Personal information
- Born: May 27, 1998 (age 28) Belgrade, Serbia, FR Yugoslavia
- Listed height: 1.88 m (6 ft 2 in)

Career information
- NBA draft: 2020: undrafted
- Playing career: 2016–present

Career history
- 2016–2021: Mega Basket
- 2016–2017: →Smederevo 1953
- 2017–2018: →Beovuk 72
- 2018–2019: →OKK Beograd
- 2019: →Igokea
- 2019–2020: → OKK Beograd
- 2020–2021: →Podgorica
- 2021–2023: Arka Gdynia
- 2023–2024: Zastal Zielona Góra
- 2024–2025: FC Argeș Pitești
- 2025–2026: Patrioti Levice
- 2026: Igokea
- 2026–present: Vojvodina

Career highlights
- Bosnian Cup winner (2019);

= Novak Musić =

Serbian basketball player

Novak Musić (Новак Мусић; born May 27, 1998) is a Serbian professional basketball player for Vojvodina.

==Professional career ==
Novak started playing basketball in the younger categories of Zvezdara M-Invest, after which he moved on to play at Mega Basket where he got through all the junior and senior categories and even participated at the Euroleague Basketball Next Generation Tournament in Rome in 2015 and in Berlin in 2016.

He was a part of the Mega Basket team that won the 2015–16 Radivoj Korać Cup in Niš, though he was only on the bench during the final game against Partizan.

After that, he was loaned to several clubs from the Basketball League of Serbia including KK Smederevo 1953, KK Beovuk 72 and OKK Beograd. In the latter, he made the biggest impact having spent two seasons with a small break in between where he played for KK Igokea where he won the Bosnian National Cup at the end of the season 2018-19 and then he played only two games for Mega Basket at the beginning of the following season, after which he returned to OKK Beograd.

In OKK Beograd during the season of 2018-19, he averaged 14.6 points per game with 3.8 rebounds and 5.0 assists. During the next season, he was even better averaging 16.0 points per game with a total of 3.8 rebounds and 4.0 assists.

Novak then went on to play in KK Podgorica and gained a place in the semifinal of the 2020–21 ABA League Second Division. After that, he played for the Polish side Arka Gdynia and had an average of 11.6 points with 3.1 rebounds and 4.7 assists during the 2021–22 PLK season.

On July 26, 2023, he signed with Zastal Zielona Góra of the Polish Basketball League.

On July 18, 2025, he signed with Patrioti Levice of Slovak Extraliga (basketball) (SLB).

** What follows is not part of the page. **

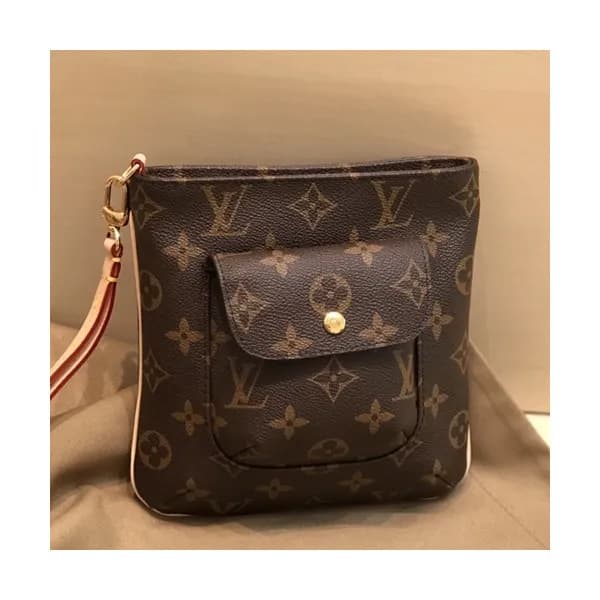 Louis Vuitton 2019 MonogramCanvas Clutch Bag ,19cm… - 1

== International career ==
Novak was the member of the Serbia men's national U16 team, which played at the European Championships in Riga. Two years later he played with the U18 team in Samsun, Turkey at the European Championships after which he played at the U20 European Championships in Crete, Greece in 2017 and then in Chemnitz, Germany in 2018.